Football and Milestones

I'm tired, but I'm going to try to stop complaining about the amount of time I'm having to devote at work.

My very first eBay seller's auction has started. I'm selling a pair of Cowboys/Lions tickets. It's sort of exciting to have it out there waiting to be bid on. I don't know if we'll get the final bids other similar-value tickets are getting, mainly because I have no seller history out there yet, so people will not have the same comfort level buying from me.

My daughters also celebrated their 1000-day birthday Saturday. We were going to make a cake, but we didn't. We had some coffee cake left over from the previous night for breakfast which seemed to be a hit. The counter on my web page needs a little help now that we've rolled over into four digits, but it won't take too long to fix.

My iMac is also about to celebrate its 20th day in my house.

Its counter, too, will need help after today. As far as the computer itself goes, the only problem I have had is with the Bluetooth module. It does not consistently engage, so that about 60% of the time the wireless keyboard is not recognized. I'll have to take it in to get serviced, but now that it's our Primary Computer, I don't want to go back to my G3 if I can help it. Maybe if it's just gone for a week, I can manage it.

We've burned two different DVD slideshows, one for some of our friends and one of my sister's wedding, without problems. We were able to do this quickly, since we just went straight from iPhoto and iTunes to iDVD, using the built-in templates. The results have been pretty nice.

My next project is to edit my sister's wedding video into a more concise DVD. My dad sent a two-disc DVD version of all the raw footage of the wedding and associated events - about three hours worth. That's really too long to be very watchable, so I'm going to give a shot at editing it with iMovie.
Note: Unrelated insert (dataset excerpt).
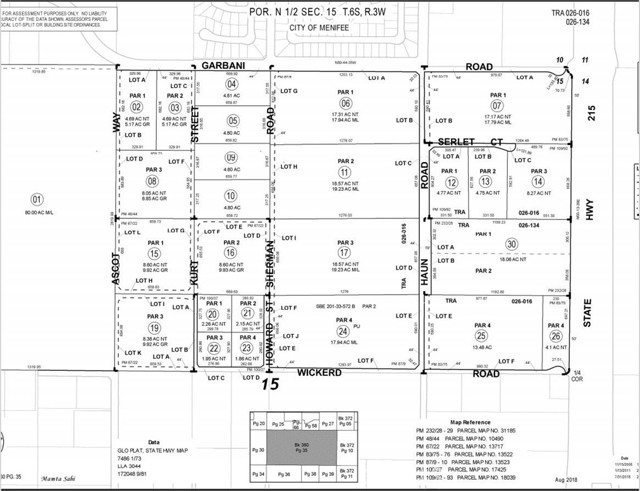 0 Wickerd, Menifee, CA, 92584 0 Wickerd, Menifee, CA, 92584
I'm used to iMovie (although I've not used the new version much), but getting the DVD video into iMovie took some doing:

  1. Converted the DVD video into an MPEG4 video using Handbrake
  2. Opened the converted video with Quicktime Pro
  3. Ran a script to convert the MPEG4 video into DV streams that are no longer than 9 minutes long
  4. Placed the DV stream files into a blank iMovie project's Media folder
Item 1 took some time because I had to learn what conversions settings worked, and each attempt took several hours for each DVD disc. Item 2 worked fine, but it also took as long as the DVD clip was to complete (1.5 hours per disc).

The editing will take some time, just because I have three hours of raw footage, including 80 minutes of reception footage. I have to go through and identify the parts I need to include in the DVD intact (ceremony, best man toast, cake cutting, etc.), and then I can slice and dice the rest. I figure the final product will be no more than 45 minutes total, with chapter markers so you can easily jump to the part you want.

At 1.8 GB per 9 minutes of footage, this is also taking up a whopping 36 GB of hard disk space. That's a pretty good motivator to get this project completed.